図1 撮影:筆者

 すでに書いたように、私の「故郷」は、大阪の千里丘陵に「存在した」小さな村である。今そこを訪れる人は、道すがらに見える十軒あまりの昔の農家風の造りの家(うちの何軒かは、トタンで覆われているとはいえ萱葺き屋根を残す)とわずかに残る水田から、そこがかつて農村だったことを推し量ることはできるだろうが、東側を新御堂筋と呼ばれる幹線道路と鉄道に切り取られ、周囲に林立するマンションの谷間に沈みこむその姿から往時(都市開発前)の様子を想像することは困難だろう。

 村は旧名を摂津国嶋下郡下新田村といい、中央部に小さな川が流れ、四周を丘に囲まれて南北に細長く拡がる盆地状の土地の南端に位置していた(図1を参照)。こうした景観は日本の農村を思い浮かべようとするときに、多くの人が最初にイメージする姿に近いのではないだろうか。しかしその名から分かるように、この集落の誕生は江戸初期になされた新田開発に起因する。1605年の作成になる「摂津国絵図」にはその存在はまだ認められず、村の成立が信頼に足る文献によって確かめうるのは1626年のことのようなので、開墾が始まったのはその間、おそらくは大坂夏の陣によって豊臣氏が滅び、このあたりの土地が徳川の直轄領になった1616年以降のことと考えられている1『下新田村郷土史』春日町青年学級編、1962年(昭和37年)。図1を含め、以下村史にかかわる基本的情報は同書による。次回以降にくわしく述べるが、この郷土史が村の青年会の活動(勉強会)をベースにして編まれたことそれ自体が村史に残されるべき事件である。

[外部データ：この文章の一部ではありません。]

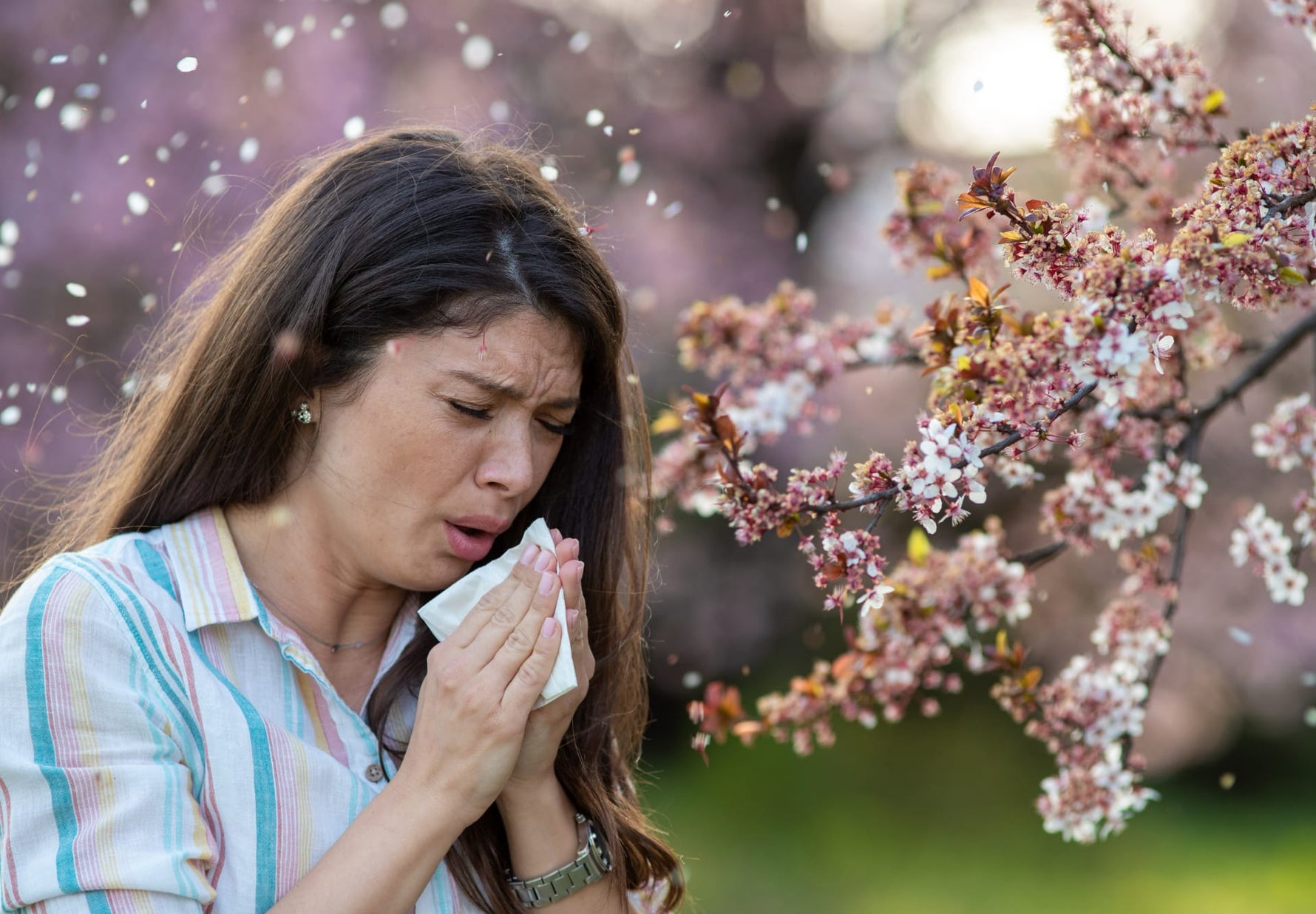 Donna con allergia stagionale ai pollini durante la fioritura primaverile, sintomi tipici delle allergie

 村と開発の歴史について語ろうと思うのであれば、この村そのものがこうした「開発」の産物であったことを忘れてはならないだろう。農村環境の研究者からなる農業農村工学会のウェブサイトを見ると新田については冒頭次のように書かれている。「新田開発は、近世における大規模な地域開発である。多くは耕地とともに集落が形成され、これらがセットになって列村や散村のような独特の景観がつくり出された。」つまり、日本の代表的景観のかなりの部分が近世の新田開発によって生み出されたということである。同じく同サイトの教えるところによれば、江戸時代の新田開発には三つのピークがあったという。「幕藩体制の制度的整備が確立する明暦~寛文期(1660年ごろ)、幕府財政の再建を図り改革の行われた享保期(1720年ごろ)、深刻化する幕藩体制の危機に直面し改革の行われた幕末に近い天保~安政期(1840年ごろ)」の三つである2http://www.jsidre.or.jp/tabata3-a/(2023年8月15日確認)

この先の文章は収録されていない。